++++ EXTRACTED DATA ++++

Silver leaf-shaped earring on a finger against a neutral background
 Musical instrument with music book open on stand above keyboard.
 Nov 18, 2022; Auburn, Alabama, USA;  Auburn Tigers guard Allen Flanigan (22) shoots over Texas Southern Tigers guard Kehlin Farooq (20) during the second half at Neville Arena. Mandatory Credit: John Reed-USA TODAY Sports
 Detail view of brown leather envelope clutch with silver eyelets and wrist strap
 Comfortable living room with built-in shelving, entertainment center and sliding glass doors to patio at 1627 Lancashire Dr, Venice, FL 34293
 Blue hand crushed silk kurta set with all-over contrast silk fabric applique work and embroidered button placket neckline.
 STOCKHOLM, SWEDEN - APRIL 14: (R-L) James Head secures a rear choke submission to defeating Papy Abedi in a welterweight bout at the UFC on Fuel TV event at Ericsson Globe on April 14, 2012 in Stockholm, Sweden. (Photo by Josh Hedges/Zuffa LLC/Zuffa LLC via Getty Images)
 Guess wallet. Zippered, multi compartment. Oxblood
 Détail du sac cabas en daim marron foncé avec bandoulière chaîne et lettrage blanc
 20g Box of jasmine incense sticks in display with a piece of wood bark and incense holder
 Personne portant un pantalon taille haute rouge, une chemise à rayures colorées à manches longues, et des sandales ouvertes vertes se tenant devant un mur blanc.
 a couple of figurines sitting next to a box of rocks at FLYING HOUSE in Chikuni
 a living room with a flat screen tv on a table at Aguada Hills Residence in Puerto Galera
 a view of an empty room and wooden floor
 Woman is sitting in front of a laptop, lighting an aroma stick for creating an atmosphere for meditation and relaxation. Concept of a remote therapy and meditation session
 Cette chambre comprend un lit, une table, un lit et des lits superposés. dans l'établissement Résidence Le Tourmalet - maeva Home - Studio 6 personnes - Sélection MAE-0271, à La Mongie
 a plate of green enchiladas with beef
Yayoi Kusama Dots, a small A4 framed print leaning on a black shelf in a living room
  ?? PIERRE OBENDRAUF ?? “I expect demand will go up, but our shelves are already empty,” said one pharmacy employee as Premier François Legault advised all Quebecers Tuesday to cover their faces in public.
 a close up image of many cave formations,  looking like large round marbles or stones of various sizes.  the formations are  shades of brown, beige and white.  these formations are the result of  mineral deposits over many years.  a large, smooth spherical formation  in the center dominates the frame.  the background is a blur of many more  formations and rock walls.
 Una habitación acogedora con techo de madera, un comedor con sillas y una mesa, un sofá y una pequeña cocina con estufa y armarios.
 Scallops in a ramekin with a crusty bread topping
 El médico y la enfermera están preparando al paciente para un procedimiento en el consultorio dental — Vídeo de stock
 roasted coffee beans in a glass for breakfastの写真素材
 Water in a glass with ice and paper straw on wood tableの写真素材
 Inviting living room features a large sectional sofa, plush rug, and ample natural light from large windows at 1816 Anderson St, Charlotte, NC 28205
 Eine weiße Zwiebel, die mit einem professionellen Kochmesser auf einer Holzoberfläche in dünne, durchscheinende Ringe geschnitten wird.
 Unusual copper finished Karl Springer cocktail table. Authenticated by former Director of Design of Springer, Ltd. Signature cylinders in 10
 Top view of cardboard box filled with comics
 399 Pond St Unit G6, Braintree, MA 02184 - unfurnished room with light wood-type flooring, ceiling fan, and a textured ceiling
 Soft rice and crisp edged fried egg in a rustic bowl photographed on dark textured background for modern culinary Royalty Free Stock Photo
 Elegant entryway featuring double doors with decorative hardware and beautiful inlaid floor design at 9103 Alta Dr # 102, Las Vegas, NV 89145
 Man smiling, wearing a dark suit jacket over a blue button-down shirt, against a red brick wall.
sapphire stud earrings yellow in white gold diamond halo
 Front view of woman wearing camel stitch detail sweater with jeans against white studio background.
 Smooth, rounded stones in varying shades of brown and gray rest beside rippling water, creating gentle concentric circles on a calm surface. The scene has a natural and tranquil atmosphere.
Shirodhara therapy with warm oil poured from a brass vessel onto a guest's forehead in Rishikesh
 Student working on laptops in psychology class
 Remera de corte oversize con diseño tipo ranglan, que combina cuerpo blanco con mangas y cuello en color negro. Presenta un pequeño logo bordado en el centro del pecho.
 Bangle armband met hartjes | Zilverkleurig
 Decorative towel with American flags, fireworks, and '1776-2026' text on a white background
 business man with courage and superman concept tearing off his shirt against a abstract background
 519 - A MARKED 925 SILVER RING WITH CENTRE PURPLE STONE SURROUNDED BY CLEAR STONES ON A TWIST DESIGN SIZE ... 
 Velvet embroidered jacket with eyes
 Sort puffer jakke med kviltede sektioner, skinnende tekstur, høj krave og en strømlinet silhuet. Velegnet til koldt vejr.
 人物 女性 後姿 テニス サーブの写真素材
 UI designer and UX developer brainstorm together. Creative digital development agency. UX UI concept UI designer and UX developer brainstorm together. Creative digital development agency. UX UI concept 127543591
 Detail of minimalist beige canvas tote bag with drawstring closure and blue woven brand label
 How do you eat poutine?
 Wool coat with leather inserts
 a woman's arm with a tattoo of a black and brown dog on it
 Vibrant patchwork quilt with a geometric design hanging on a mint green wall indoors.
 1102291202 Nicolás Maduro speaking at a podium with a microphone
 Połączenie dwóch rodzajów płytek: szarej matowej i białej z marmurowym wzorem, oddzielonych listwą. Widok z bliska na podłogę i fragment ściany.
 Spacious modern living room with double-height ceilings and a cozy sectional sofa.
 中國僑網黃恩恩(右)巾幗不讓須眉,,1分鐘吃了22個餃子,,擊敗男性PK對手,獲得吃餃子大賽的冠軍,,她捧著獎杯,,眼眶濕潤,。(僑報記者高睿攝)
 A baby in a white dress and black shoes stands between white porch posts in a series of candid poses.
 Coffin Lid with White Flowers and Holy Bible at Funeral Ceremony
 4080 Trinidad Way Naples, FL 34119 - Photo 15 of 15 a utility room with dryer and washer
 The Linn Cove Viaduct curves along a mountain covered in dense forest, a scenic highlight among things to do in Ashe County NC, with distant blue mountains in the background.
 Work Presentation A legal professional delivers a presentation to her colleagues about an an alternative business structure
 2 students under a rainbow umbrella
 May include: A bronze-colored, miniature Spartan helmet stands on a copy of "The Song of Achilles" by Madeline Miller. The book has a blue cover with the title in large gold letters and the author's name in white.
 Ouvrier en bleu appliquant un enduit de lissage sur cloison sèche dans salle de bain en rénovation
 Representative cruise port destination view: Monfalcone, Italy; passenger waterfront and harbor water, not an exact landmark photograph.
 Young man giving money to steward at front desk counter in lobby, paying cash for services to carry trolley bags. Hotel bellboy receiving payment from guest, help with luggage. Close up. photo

++++

### GOAL OF THE EXERCISE
Each line from the top of the material above through the line containing "STOCKHOLM, SWEDEN - APRIL" must be output exactly, and no other line.

### PROBLEM SOLUTION
Silver leaf-shaped earring on a finger against a neutral background
 Musical instrument with music book open on stand above keyboard.
 Nov 18, 2022; Auburn, Alabama, USA;  Auburn Tigers guard Allen Flanigan (22) shoots over Texas Southern Tigers guard Kehlin Farooq (20) during the second half at Neville Arena. Mandatory Credit: John Reed-USA TODAY Sports
 Detail view of brown leather envelope clutch with silver eyelets and wrist strap
 Comfortable living room with built-in shelving, entertainment center and sliding glass doors to patio at 1627 Lancashire Dr, Venice, FL 34293
 Blue hand crushed silk kurta set with all-over contrast silk fabric applique work and embroidered button placket neckline.
 STOCKHOLM, SWEDEN - APRIL 14: (R-L) James Head secures a rear choke submission to defeating Papy Abedi in a welterweight bout at the UFC on Fuel TV event at Ericsson Globe on April 14, 2012 in Stockholm, Sweden. (Photo by Josh Hedges/Zuffa LLC/Zuffa LLC via Getty Images)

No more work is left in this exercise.